Финальное заявление Федора о намерении писать роман представляет собой кульминацию его литературной деятельности на протяжении всего сюжета: оно предсказывает награду, которую герой получит за авторство своих различных произведений и в том числе романа «Дар». Но и в данном рассуждении Набоков предлагает обманчивую хронологию. Возвращение Федора из эмиграции и из истории литературы откладывается на будущее; однако, осознав, что именно Годунов-Чердынцев написал «Дар», читатель воспринимает это будущее как событие уже произошедшее[112]. Если не возникнет иной альтернативы, читатель окажется перед все тем же парадоксальным «откатом» повествования назад: где подлинное начало романа? Чтобы избежать этого «отката», обратимся к топографическим метафорам в романе.

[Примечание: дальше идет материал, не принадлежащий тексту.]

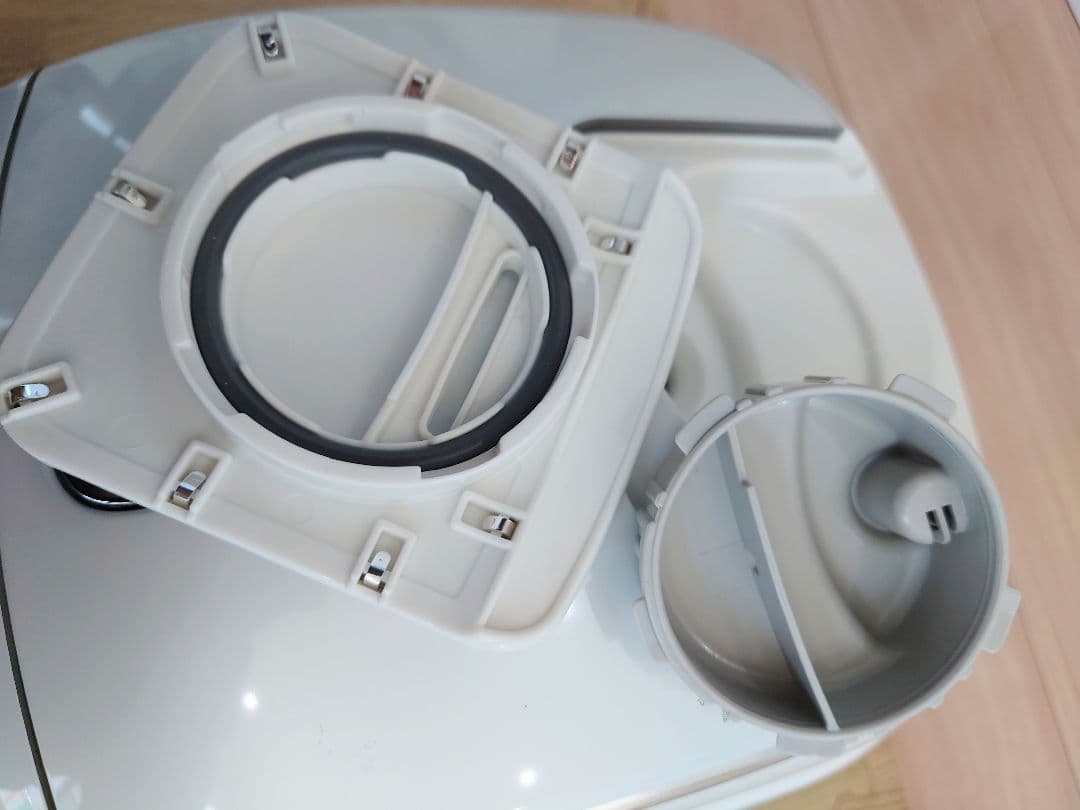 ZOJIRUSHI　圧力IH炊飯ジャー　3号炊き　NP-RW05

Первый воображаемый разговор Годунова-Чердынцева с Кончеевым — один из самых замечательных эпизодов «Дара». «Набоков-Федор» на нескольких страницах поддерживает повествовательный обман: читатель думает, будто герой действительно разговаривает с Кончеевым, и только постфактум узнает, что это была иллюзия. Когда они собираются расстаться, Федор говорит своему воображаемому собеседнику: «Кому какое дело, что мы расстались на первом же углу и что я веду сам с собою вымышленный диалог по самоучителю вдохновения» [Там же: 260]. В этом разговоре всплывает два важных факта из жизни и творчества Годунова-Чердынцева. Первый связан с глубокой озабоченностью героя литературной «школой», что для него означает знание литературной традиции. «Самоучитель» нужен не только для творческого вдохновения, но и для изучения истории литературы. Беседа с Кончеевым полна понятных обоим намеков на Гончарова, Писемского, Лескова, Толстого, Пушкина, Чехова, Гоголя, Тургенева, Достоевского, Аксакова, Лермонтова, Тютчева, Некрасова, Фета, Бальмонта, Блока, Рембо и других писателей. Именно это огромное количество литературных намеков делает беседу столь забавно претенциозной. Однако для понимания смысла сцены разговора с Кончеевым важно и то, что эта вымышленная, литературная встреча парадоксальным образом оказывается более значимой, искренней и лишенной претенциозности, чем реальный литературный вечер, на котором недавно присутствовал Федор. Как заметил Карлинский, менее чем на четырех страницах «происходит поразительно быстрое жонглирование писателями и цитатами, но когда отрывок завершается, в отношении каждого из упомянутых писателей делается уместный, пусть и не самый важный, вывод» [Karlinsky 1963: 287]. Итогом литературного вечера, напротив, подобных осмыслений возникает мало, если вообще было высказано что-либо важное.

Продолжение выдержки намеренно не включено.